▶ WHAT THE TASK ASKS:
Skipping all pictures, please restate word for word the lines from the one that contains "Women's Midi Dress" through the last line of the entries.

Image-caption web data
+++
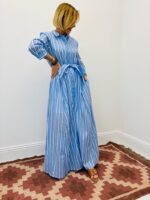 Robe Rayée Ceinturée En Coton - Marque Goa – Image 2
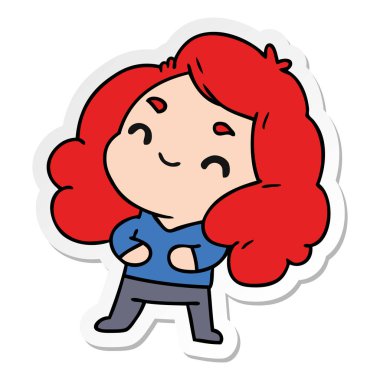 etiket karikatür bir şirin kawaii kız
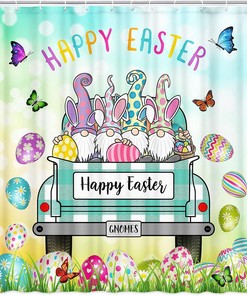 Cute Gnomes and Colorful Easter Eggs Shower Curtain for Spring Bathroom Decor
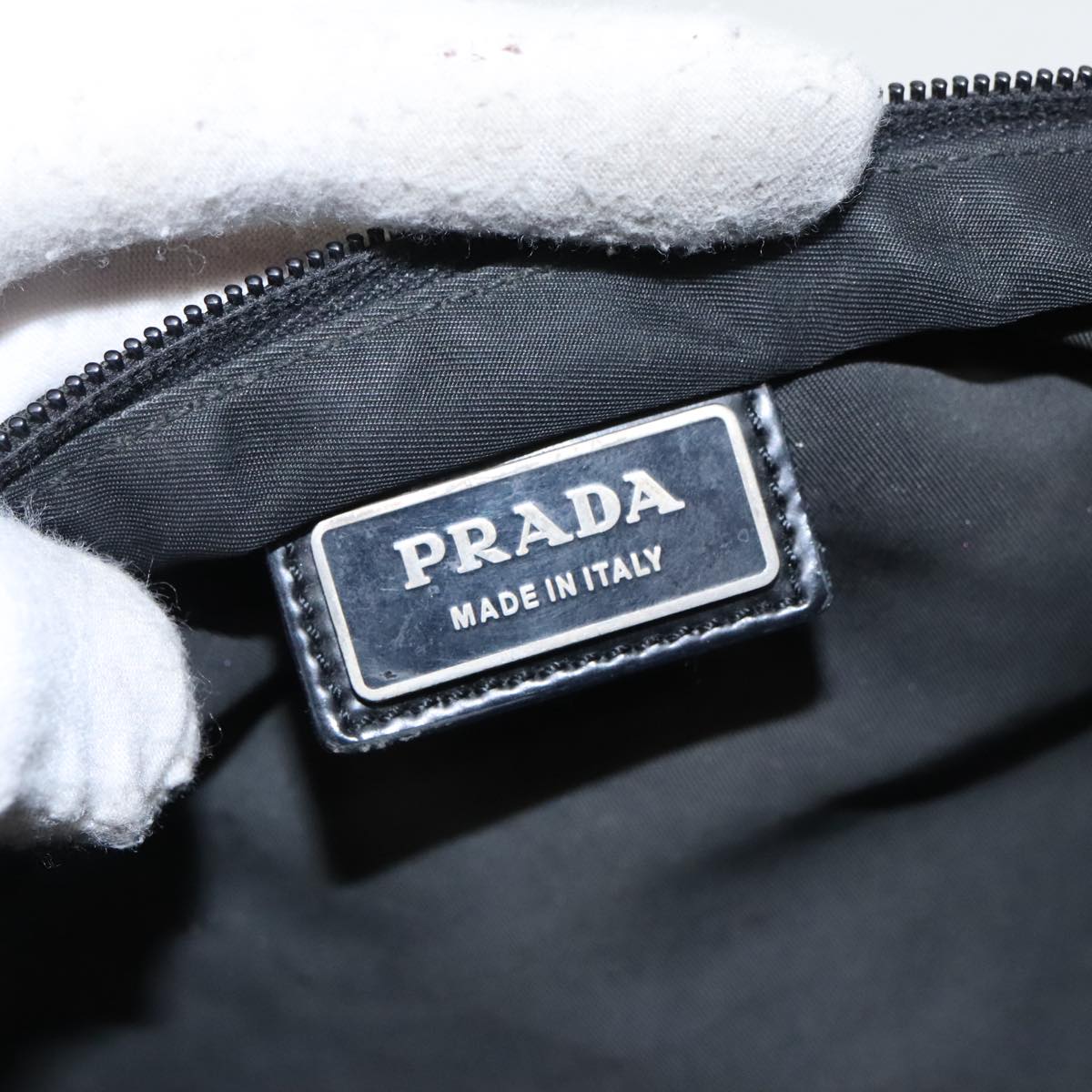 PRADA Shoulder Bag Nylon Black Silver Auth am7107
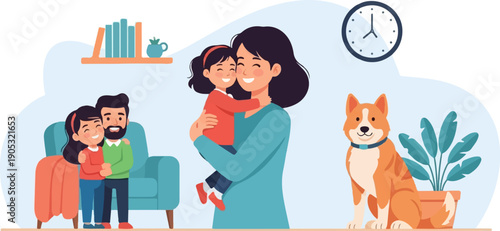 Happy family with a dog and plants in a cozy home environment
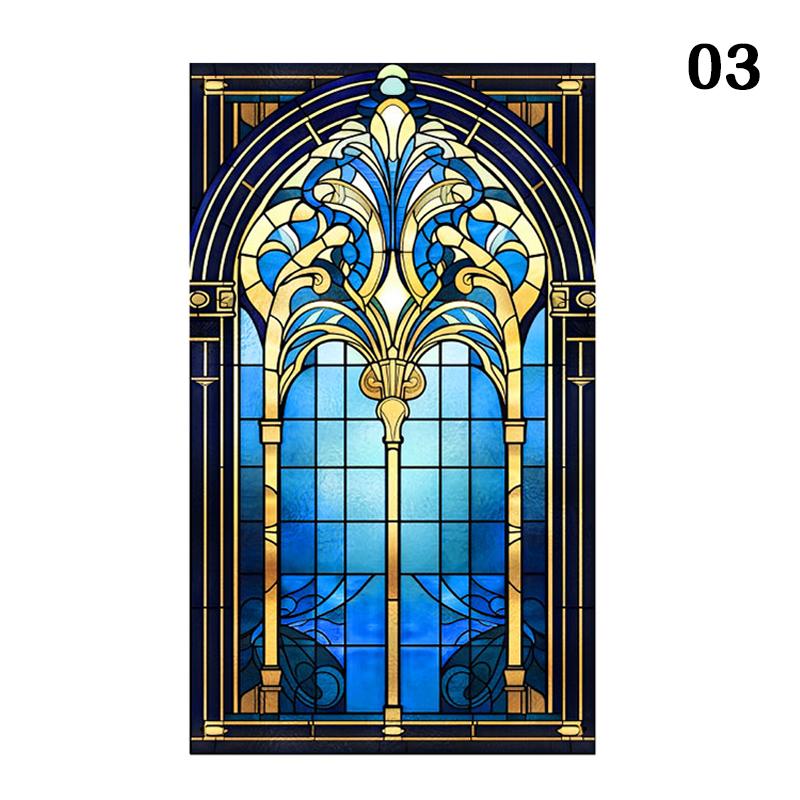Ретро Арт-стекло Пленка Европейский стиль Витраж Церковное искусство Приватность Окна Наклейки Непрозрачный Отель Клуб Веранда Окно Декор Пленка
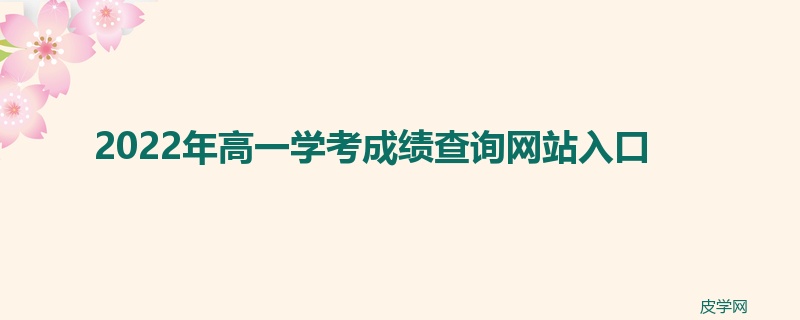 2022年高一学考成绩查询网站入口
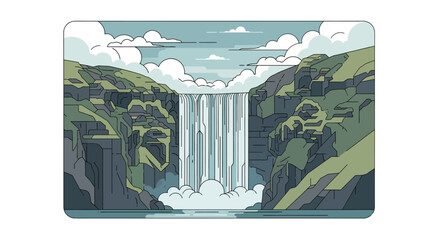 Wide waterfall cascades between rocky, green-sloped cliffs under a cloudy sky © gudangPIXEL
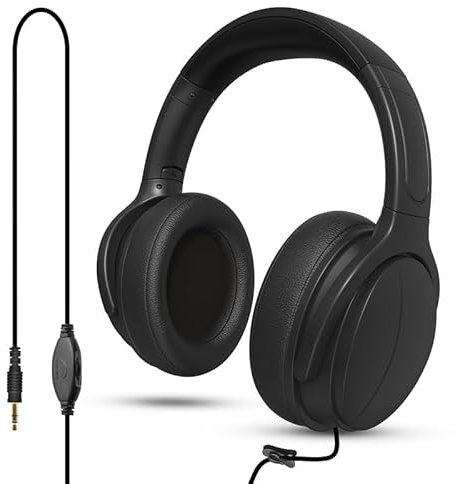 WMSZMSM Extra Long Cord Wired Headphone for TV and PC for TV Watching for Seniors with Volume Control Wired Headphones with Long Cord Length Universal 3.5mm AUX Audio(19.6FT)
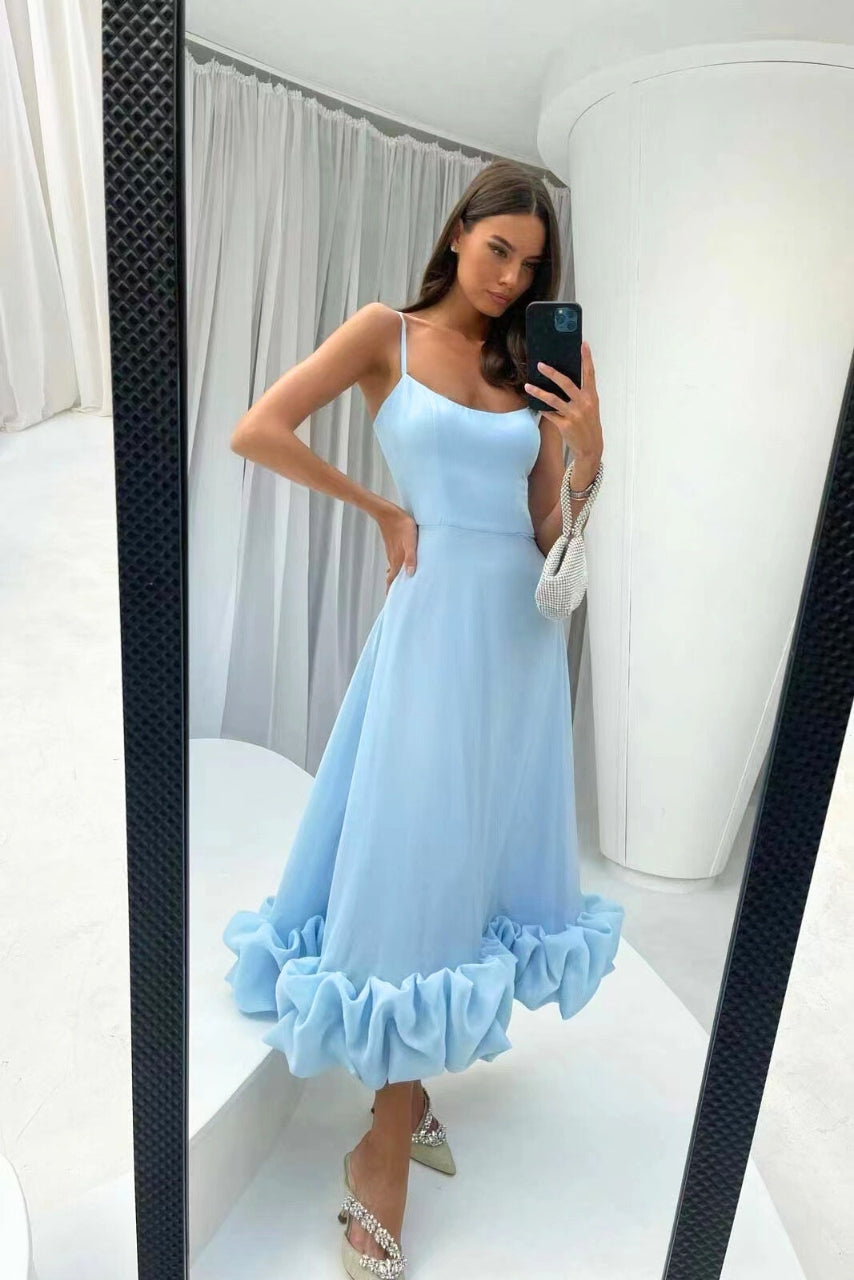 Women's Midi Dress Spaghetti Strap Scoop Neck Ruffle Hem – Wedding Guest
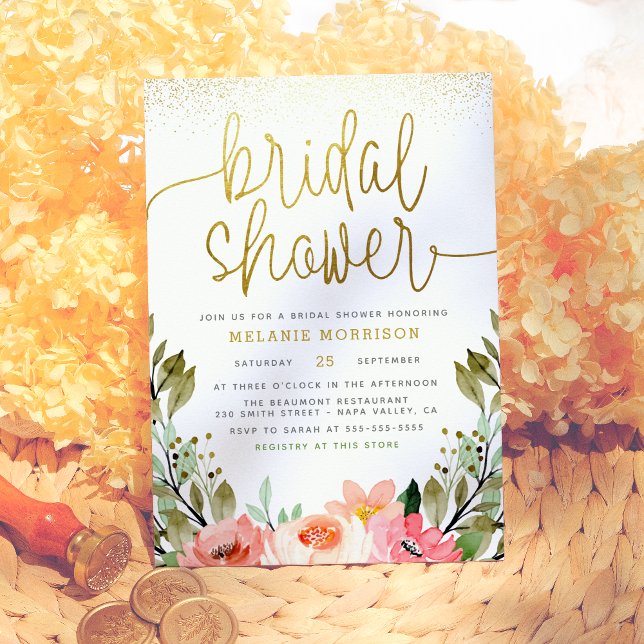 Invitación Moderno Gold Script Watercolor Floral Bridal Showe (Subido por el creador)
+++
▶ SOLUTION:
 Women's Midi Dress Spaghetti Strap Scoop Neck Ruffle Hem – Wedding Guest
 Invitación Moderno Gold Script Watercolor Floral Bridal Showe (Subido por el creador)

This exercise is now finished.